9. 9. A rotary floor cleaner according to any preceding claim, comprising a DC / DC converter configured to maintain a voltage to the motor during battery discharge.
10. 10. A rotary floor cleaner according to any preceding claim, wherein the output voltage to the motor can be varied by a user control to be adaptable for different cleaning tasks.
11. 11. A battery powered cleaning device comprising: a battery; an electric motor driving a cleaning actuator; a controller controlling delivery of power from the battery to the actuator; wherein the controller is configured to maintain a voltage within a predetermined range of a voltage demand to the motor during battery discharge.
12. 12. A battery powered cleaning device according to claim 11, wherein the controller is configured to maintain a voltage within 10% of the voltage demand to the motor during battery discharge.
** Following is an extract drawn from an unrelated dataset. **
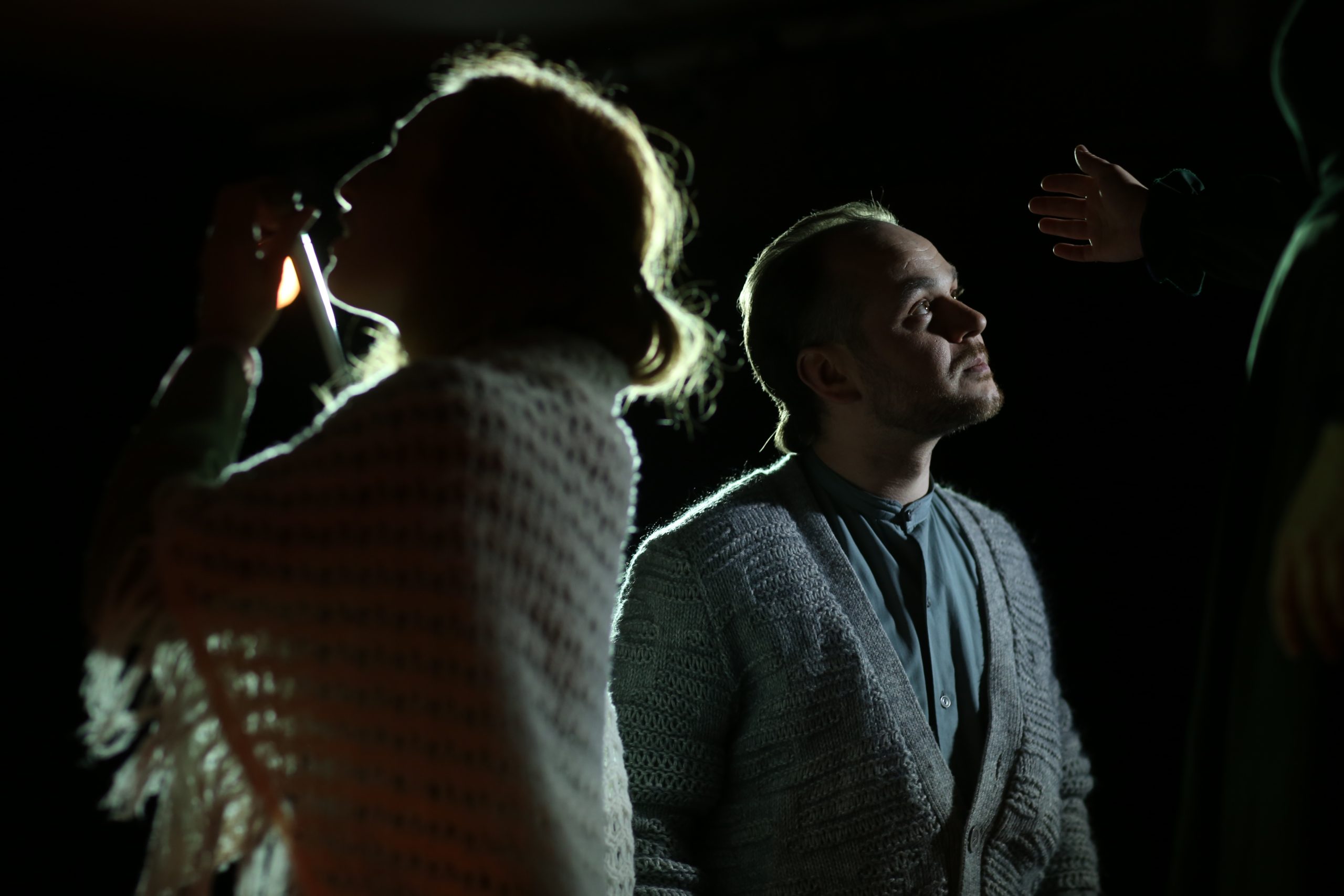 Tāsīte – Milena Savkina, Eduks – Mihails Abramovs // Foto – Džeina Saulīte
13. 13. A battery powered cleaning device according to claim 11 or 12, comprising a DC / DC converter configured to maintain the voltage to the motor during battery discharge.
14. 14. A battery powered cleaning device according to any of claims 11 to 13, wherein the demand voltage can be varied by a user control such that the cleaner is adaptable for different cleaning tasks.
15. 15. A battery powered cleaning device according to any of claims 11 to 14, wherein the actuator is one of a motor for a rotary cleaning head, a motor for an oscillating cleaning head, or a motor for a vacuum pump.